The quaternion rotation formula is given as
(0, v') = R(0, v)R†
This formula can be expressed in terms of standard 3D vector products such as scaling, dot products, and cross products. This equation involves two quaternion products, each of which requires 16 multiplies and 12 additions. Thus there are 56 operations in all.
We can express the vector cross product in terms of the quaternion product. We know that if you switch the factors in a cross product, the product switches sign. Knowing this, you might accept without proof the following formula.
qV × pV = (1/2) (qp - pq)
Indeed if you flip the order of the arguments, the product will change sign.
We will use this relationship, in a rearranged form, on the first two factors in the quaternion rotation formula.
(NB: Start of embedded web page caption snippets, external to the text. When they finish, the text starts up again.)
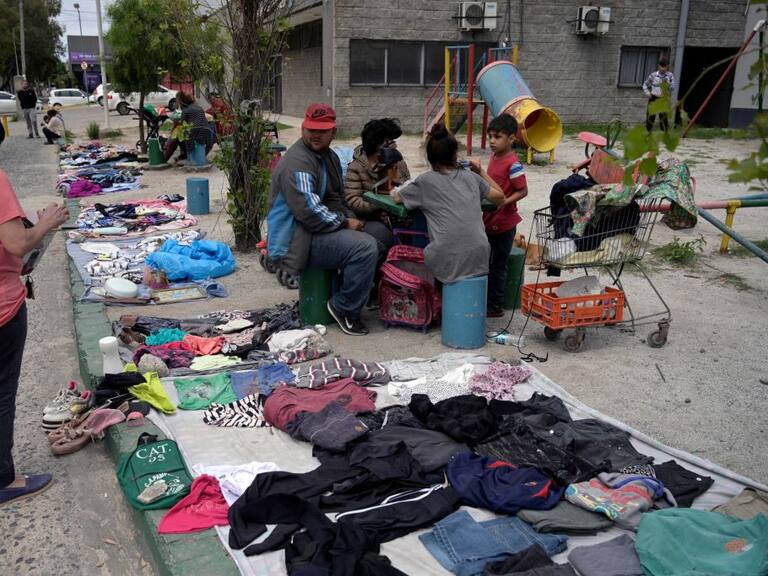 Venta de ropa usada en una calle de Villa Fiorito en Argentina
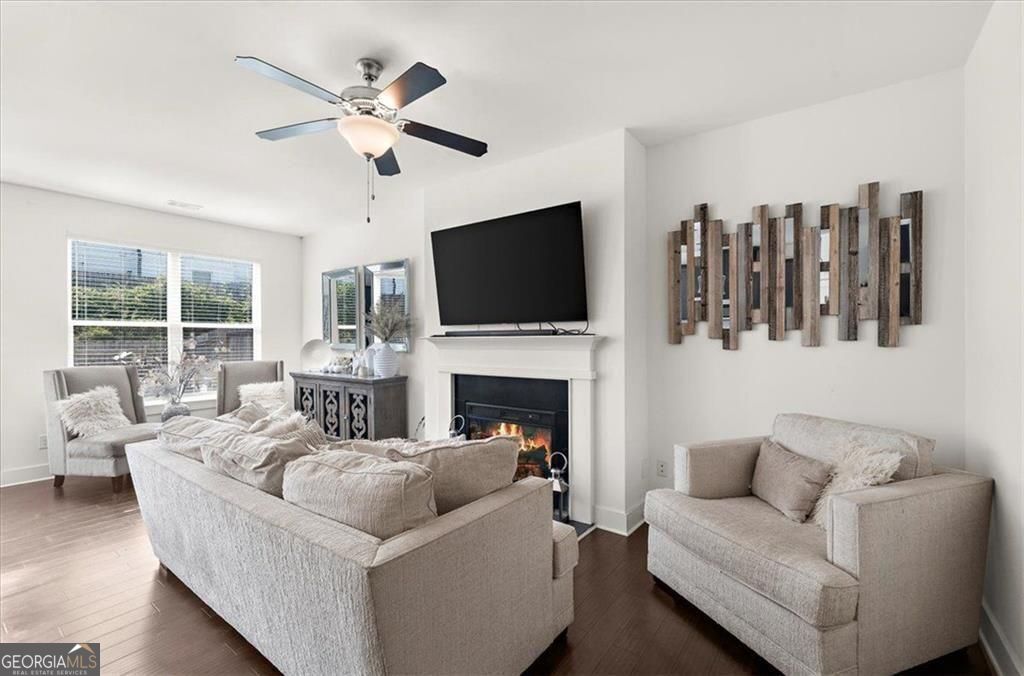 200 N Auburn Landing Place Unit: 200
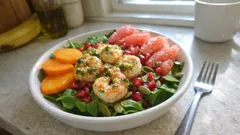 えびのグレモラータで香り立つ、柿とピンクグレープフルーツのフルーツサラダ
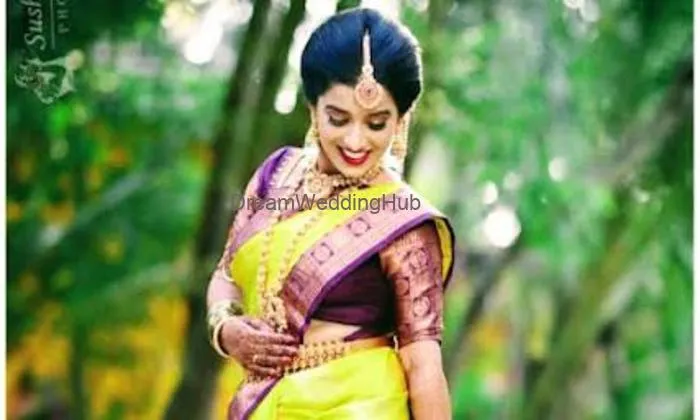 Usha's Daffodil Beauty Salon Usha's Daffodil Beauty Salon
R(0, v) = (0, 2RV × v) + (0, v)R
Inserting the expression on the right hand side into the quaternion rotation formula yields
(0, v') = (0, 2RV × v)R† + (0, v)RR†
When examining the first term on the right hand side, it can be shown that the scalar portion is always zero. For the second term, we can use the fact that the rotation quaternion R obeys the identity RR† = 1. Since all 3 terms have zero scalar component, we can now rewrite this expression in terms of vector operations.
v' = v + 2[ RS( RV × v ) + RV × ( RV × v ) ]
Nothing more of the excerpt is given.